Geoeconomic fragmentation: ALM, sanctions, and cross-border risk

Trade tensions, sanctions, and divergent rates are complicating asset-liability matching and capital planning. Basis risk, FX swings, and ring-fencing can strain hedges and cash mobility-especially for groups with multi-jurisdiction exposure, including travel and specialty lines.

  • Map sanctions exposure across portfolios, reinsurers, and vendors; embed automated screening and escalation.
  • Tighten ALM under rate dispersion: review hedge effectiveness, FX policy, and collateral calls under stress.
  • Run scenarios for capital controls, payment frictions, and market closures; pre-define liquidity bridging options.
  • Diversify reinsurance panels by domicile; confirm enforceability and collateral sufficiency under stress.

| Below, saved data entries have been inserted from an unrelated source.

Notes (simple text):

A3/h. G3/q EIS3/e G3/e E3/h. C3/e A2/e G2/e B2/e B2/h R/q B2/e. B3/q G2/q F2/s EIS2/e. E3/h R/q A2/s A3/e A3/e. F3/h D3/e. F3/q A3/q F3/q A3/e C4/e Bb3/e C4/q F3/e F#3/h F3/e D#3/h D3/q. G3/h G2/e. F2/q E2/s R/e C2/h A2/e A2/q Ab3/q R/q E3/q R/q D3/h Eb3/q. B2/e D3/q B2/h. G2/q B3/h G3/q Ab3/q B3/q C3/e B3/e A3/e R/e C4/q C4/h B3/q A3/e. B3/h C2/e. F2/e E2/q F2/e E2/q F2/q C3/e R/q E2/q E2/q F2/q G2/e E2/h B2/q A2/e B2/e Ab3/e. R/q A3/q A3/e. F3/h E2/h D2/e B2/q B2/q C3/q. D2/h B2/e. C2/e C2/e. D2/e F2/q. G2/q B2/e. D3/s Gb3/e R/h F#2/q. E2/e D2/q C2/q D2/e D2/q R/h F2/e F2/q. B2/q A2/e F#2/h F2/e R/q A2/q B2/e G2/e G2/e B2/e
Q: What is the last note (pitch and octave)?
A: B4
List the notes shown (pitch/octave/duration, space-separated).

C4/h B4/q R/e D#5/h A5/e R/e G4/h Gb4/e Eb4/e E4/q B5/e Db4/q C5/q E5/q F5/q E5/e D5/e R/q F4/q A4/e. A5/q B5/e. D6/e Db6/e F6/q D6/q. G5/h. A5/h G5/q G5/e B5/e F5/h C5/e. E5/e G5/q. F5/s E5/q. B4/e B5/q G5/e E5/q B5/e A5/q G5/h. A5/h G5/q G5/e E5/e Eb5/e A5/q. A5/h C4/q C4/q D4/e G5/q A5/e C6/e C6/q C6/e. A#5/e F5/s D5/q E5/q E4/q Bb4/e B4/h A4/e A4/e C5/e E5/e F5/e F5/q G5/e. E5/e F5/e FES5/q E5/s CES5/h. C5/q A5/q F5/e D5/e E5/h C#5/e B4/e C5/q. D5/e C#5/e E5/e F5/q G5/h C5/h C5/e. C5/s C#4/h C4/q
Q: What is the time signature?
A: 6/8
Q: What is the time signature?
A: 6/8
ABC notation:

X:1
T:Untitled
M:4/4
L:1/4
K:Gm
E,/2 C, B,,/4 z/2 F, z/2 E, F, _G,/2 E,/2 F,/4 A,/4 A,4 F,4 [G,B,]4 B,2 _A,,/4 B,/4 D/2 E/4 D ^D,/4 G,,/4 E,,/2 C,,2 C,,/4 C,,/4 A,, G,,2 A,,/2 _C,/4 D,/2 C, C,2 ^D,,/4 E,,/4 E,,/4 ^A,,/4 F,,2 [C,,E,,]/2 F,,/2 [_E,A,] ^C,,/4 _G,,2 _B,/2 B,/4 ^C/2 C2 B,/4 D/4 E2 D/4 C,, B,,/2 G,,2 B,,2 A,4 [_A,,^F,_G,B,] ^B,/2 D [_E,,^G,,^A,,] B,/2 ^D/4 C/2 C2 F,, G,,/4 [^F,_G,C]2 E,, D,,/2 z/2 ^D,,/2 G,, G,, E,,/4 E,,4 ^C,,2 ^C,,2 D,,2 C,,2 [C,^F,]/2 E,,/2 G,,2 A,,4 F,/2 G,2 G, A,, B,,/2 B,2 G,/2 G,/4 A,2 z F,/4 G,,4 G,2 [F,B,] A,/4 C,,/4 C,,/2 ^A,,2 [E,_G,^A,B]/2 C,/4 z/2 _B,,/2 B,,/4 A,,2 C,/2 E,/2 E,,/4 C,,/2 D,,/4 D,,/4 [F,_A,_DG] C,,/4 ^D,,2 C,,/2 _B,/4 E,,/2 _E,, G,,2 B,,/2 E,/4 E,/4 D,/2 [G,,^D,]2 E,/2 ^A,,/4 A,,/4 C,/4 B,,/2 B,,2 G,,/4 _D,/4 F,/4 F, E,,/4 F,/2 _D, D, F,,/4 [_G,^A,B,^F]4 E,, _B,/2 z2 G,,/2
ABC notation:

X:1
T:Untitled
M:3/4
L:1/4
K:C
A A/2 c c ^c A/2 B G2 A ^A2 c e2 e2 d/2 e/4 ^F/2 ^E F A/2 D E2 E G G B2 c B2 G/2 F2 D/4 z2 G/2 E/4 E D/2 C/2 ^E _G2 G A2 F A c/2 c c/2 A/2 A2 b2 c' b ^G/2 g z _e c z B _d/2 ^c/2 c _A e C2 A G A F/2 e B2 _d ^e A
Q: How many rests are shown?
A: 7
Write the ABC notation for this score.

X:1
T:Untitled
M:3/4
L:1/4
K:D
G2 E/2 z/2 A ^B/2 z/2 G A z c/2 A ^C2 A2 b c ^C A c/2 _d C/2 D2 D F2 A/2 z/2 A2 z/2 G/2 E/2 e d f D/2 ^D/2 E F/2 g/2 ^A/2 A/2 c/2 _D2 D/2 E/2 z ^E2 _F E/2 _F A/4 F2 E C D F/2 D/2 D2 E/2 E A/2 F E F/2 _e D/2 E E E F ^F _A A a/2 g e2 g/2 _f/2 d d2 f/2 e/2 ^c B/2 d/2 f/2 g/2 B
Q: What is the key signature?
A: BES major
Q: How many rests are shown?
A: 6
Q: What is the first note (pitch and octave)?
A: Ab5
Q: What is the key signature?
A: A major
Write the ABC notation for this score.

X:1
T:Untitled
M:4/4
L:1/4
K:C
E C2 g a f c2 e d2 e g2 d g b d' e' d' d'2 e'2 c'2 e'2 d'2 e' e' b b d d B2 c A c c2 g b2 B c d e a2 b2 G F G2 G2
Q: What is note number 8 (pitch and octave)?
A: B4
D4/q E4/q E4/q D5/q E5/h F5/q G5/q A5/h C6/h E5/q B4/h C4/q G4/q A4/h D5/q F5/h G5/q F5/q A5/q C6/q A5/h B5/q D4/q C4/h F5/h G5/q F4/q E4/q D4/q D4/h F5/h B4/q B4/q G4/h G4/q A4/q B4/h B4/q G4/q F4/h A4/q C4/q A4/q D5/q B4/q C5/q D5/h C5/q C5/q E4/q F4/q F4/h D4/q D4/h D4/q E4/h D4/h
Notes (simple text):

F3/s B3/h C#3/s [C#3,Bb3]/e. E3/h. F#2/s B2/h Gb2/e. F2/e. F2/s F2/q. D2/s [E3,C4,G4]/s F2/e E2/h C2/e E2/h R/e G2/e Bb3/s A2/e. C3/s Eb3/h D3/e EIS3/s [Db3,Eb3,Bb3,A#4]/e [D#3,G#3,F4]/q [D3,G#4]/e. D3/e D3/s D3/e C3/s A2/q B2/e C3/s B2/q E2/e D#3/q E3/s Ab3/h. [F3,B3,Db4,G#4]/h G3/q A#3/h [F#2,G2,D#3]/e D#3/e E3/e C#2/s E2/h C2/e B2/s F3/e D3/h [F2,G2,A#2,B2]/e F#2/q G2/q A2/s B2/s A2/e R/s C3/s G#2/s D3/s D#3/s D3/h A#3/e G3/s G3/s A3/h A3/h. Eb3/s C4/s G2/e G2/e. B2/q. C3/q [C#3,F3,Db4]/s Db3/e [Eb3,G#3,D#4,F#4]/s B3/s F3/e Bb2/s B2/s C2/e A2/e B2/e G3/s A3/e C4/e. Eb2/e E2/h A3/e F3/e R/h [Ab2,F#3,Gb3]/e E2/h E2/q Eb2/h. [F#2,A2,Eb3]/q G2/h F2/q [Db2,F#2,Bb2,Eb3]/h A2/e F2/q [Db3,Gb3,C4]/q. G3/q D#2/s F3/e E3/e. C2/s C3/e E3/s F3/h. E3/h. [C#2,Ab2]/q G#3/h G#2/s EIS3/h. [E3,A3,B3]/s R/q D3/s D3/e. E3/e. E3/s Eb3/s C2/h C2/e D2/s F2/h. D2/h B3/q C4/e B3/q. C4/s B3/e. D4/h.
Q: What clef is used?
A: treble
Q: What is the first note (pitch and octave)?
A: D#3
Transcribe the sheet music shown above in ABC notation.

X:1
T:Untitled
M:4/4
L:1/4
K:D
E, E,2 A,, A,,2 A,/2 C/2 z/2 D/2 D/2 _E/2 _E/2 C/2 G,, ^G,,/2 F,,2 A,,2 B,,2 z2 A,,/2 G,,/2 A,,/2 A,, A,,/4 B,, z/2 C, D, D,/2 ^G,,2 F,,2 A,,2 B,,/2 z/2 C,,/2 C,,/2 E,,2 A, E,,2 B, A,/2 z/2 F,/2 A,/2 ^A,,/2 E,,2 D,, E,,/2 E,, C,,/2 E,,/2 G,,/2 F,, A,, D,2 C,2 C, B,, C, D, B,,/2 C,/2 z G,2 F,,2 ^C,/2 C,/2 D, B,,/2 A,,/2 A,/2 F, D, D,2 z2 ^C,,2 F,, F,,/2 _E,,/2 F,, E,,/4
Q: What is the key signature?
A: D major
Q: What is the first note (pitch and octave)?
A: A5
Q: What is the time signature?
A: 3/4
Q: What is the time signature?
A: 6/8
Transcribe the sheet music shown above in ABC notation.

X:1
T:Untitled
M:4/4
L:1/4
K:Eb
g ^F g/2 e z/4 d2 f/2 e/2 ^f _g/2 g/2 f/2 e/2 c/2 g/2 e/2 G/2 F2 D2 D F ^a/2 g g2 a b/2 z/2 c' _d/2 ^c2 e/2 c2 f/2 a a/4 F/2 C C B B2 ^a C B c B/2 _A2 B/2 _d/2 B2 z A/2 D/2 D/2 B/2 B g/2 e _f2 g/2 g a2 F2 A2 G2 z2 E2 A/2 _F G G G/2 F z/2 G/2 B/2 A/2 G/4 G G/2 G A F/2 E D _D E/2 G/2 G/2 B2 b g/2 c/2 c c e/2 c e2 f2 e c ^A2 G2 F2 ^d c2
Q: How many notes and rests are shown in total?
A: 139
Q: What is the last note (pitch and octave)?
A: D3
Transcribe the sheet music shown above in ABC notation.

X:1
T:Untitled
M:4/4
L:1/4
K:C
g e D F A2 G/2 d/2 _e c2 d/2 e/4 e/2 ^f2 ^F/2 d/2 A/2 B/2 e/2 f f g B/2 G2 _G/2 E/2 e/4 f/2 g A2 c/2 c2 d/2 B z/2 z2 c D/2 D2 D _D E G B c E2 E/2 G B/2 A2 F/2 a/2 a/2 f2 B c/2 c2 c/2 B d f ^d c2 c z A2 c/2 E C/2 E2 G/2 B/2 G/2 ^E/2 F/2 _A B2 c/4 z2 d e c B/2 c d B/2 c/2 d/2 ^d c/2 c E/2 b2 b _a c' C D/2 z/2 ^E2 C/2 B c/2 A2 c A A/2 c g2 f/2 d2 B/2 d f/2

AI in underwriting and claims: speed with guardrails

AI use is accelerating in pricing, claims triage, and fraud analytics. That brings questions on governance, cyber exposure, vendor dependence, and model bias. A new study cited in the report notes most insurance customers now use generative AI when shopping for travel cover-changing how they compare benefits, premiums, and exclusions.

  • Maintain an AI model inventory, risk tiering, and board-approved policy with clear accountability.
  • Test for fairness and drift; keep human-in-the-loop on adverse decisions and complex claims.
  • Harden data pipelines and third-party interfaces; define incident response for model or data failures.
  • Document features, training data provenance, and explainability standards for supervisors and customers.

Upskilling is now a control, not a perk. For structured training for underwriting and claims teams, see AI courses by job.

Climate and reinsurance: steady footing, active monitoring

Climate-related exposures are steady in the report, while reinsurers stayed well capitalised through 2024 with conservative portfolios and stabilising underwriting results. Still, secondary peril frequency, event clustering, and retro capacity remain watch items. Keep pricing, aggregation, and wordings aligned with updated hazard views.

What supervisors will focus on next

The IAIS will expand monitoring of alternative assets, deepen systemic-risk analysis, guide life-sector structural shifts, and enhance climate risk assessments. The Financial Stability Board reaffirmed the IAIS Holistic Framework for systemic risk in insurance, supporting continued global coordination.

  • Expect more guidance on private credit, valuation practices, and liquidity risk testing.
  • More data requests are likely on cross-border reinsurance, collateral, and intragroup transfers.

For context on the IAIS and its work, visit the IAIS website. For the systemic risk framework, see the FSB note on the Holistic Framework.

Board and CRO checklist for 2025-2026

  • Private assets: tighten valuation and liquidity playbooks; rehearse collateralised funding options.
  • ALM: refresh stress scenarios for sanctions, FX shocks, and rate divergence; validate hedge performance.
  • Reinsurance: review counterparty mix, collateral terms, and legal enforceability across jurisdictions.
  • AI: formalise policy, monitoring, and audit trails; verify fairness testing and vendor oversight.
  • Disclosure: enhance clarity on private credit exposure, sensitivity to rate moves, and AI governance.
  • Operations: confirm crisis communications and customer support plans for travel and cross-border claims.

The headline: the sector is steady, but the risk mix is shifting. Teams that get specific-on private credit controls, ALM under friction, and AI guardrails-will keep results consistent while supervisors raise the bar.